3 February 2014, 12:00am
Asylum seekers should not be returned to Libya for any reason whatsoever because their safety, life and freedom are at risk, the Jesuit Refugee Service (JRS) said.
JRS explained that if asylum seekers are pushed back to Libya "they have virtually no chance at all of getting protection, even now that the Gaddafi regime has collapsed."
This is the unequivocal conclusion of 'Beyond Imagination', a JRS publication documenting the experiences of asylum seekers arriving in Malta through Libya, launched today.
"Through this publication we wanted to highlight the consequences of return to Libya for asylum seekers, by bringing to light the stories we hear repeatedly when they arrive in Malta.
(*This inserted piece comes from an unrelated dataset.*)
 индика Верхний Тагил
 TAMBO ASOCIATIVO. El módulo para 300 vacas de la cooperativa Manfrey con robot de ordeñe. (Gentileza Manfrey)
Most have suffered horrific abuse - including indefinite detention in miserable conditions, beatings, rape and other forms of sexual abuse - and are denied the possibility of obtaining any kind of protection," JRS Malta Director Katrine Camilleri said.
JRS reiterated its call to government to refrain from actions that will result, directly or indirectly, in the return of migrants to Libya until the situation there has drastically improved and the Libyan government puts in place eﬀective measures to safeguard human rights and guarantee access to protection in practice.
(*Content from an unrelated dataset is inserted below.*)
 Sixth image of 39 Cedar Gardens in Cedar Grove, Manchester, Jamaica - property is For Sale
"While immigration control is entirely legitimate, we are not permitted to secure our borders at the cost of other people's lives and safety," Camilleri said.
Last year, the European Court of Human Rights blocked the government's attempt to push back around 50 asylum seekers to Libya. In recent months, Prime Minister Joseph Muscat has insisted that Libya is a key partner in Europe's efforts to control migration.
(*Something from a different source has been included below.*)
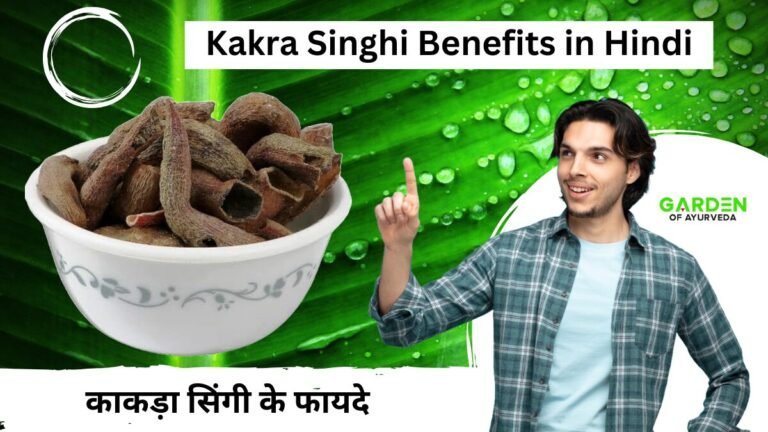 काकड़ा सिंगी के फायदे | Kakra Singhi Benefits in Hindi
The JRS publication is based on interviews with asylum seekers from Eritrea and Somalia. In the words of one of them, life for Sub-Saharan African asylum seekers in Libya is "beyond imagination".
The booklet shows that conditions in Libya are so bad that "dying is preferable to returning." All asylum seekers which were interviewed described a life of constant fear and insecurity - a life of total powerlessness shaped by forces beyond their control, where the only option they have is to risk their lives in search of protection elsewhere.
JRS Malta stressed that any talk of Libya being part of the solution to the challenges presented by irregular immigration has to be seen in the light of conditions on the ground there.
While any state clearly has the right to control immigration, this control has to be exercised within the parameters set by Malta's obligations under human rights law, JRS said.
"These obligations bind us to ensure that no one is returned to a country where they will face serious violations of their rights and where they are unable to obtain protection if they need it."